What I’m Listening To | April 2018



Cir L’Bert Jr.

Artist: The Roots

Album: Detroit

Song: It Ain’t Fair

“I grew up on West Thornton St, Akron, in the Channelwood projects. We were a church family yet we were what we used to call “conscious” (now it’s “woke”) so my dad had a red, black, and green patch on his loading gear at work and we didn’t celebrate the 4th of July. Growing up, I was either too square or too socialist in most circles. During that time, pre-Kayne, it was hard being a black kid from the projects in button ups and polos. And being the son of a session musician meant that the dearth of black musicians playing instruments was viewed with shame and sadness in our household. Then I found the Roots. They were like the cavalry. Their existence was a validation after years of arguments with white peers on the decline of black musicality. They were retaliation and through them I discovered J Dilla, Bilal, Erykah Badu, the Soulquarians. It was life changing. So to see them in the Tiny Desk was a welcome surprise.
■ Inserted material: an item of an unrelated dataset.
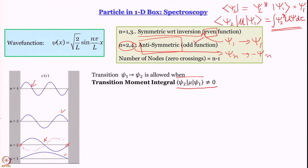As a brief digression, the number of nodes — points where the wave function passes through zero and changes sign — is n minus 1. When n equal to 1, the number of nodes is 0. When n equal to 2, number of nodes is 1. When n equal to 3, number of nodes is 2. That is something we should know.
Black Thought is probably our greatest living MC. During this session he fully represents the MC tradition as griot, prophet, and journalist as he takes us into the reality of being black in Amerikkka, Bilal, (an often overlooked 00’s era Neo-Soul singer known for fighting with labels and progressive spiritual views), seems to find his lane with this one, channeling the rage of James Brown, with the cerebral emotion of Prince. Questlove is one of music’s greatest bandleaders. Here he gives a master class on the alchemical process of turning gospel, blues, jazz, and soul, into hip-hop. The session feels like the culmination of their 30 year careers as they perfectly illustrate the experience of an uprising. And for me personally, it emotionally summed up my experience in Ferguson, Missouri during the 2014 unrest, and what this current movement for racial justice has felt like.”


Jason Blakely

Artist: Hootie & The Blowfish

Album: Cracked Rear View

Song: Time

This is my favorite song and means so much to me because it speaks to one of the most important devices in life that we need and depend on, yet have no control over. Other than love, it is the purest gift one could give. I once asked myself while listening to this song, does time have an expiration date? And if so, what is it? As poets, we have the pleasure and responsibility of capturing life’s moments with words and sharing these moments with the world in a way that connects our spirits, that highlights our humanity. Poetry, like life, is a clock at times. Its hands push us away with worry and uncertainty but also brings us in close, welcoming us again with healing, hope and love. This song encourages me to live each day, no matter what obstacles we face and to get the most you can out of each and every day.”


Mariah Pleli

Artist: Macklemore

Album: Gemini

Song: Good Old Days ft. Kesha

“I love this song because it’s just a feel good song about looking back on good memories and seeing how far you have come. It’s really relevant to my life right now.”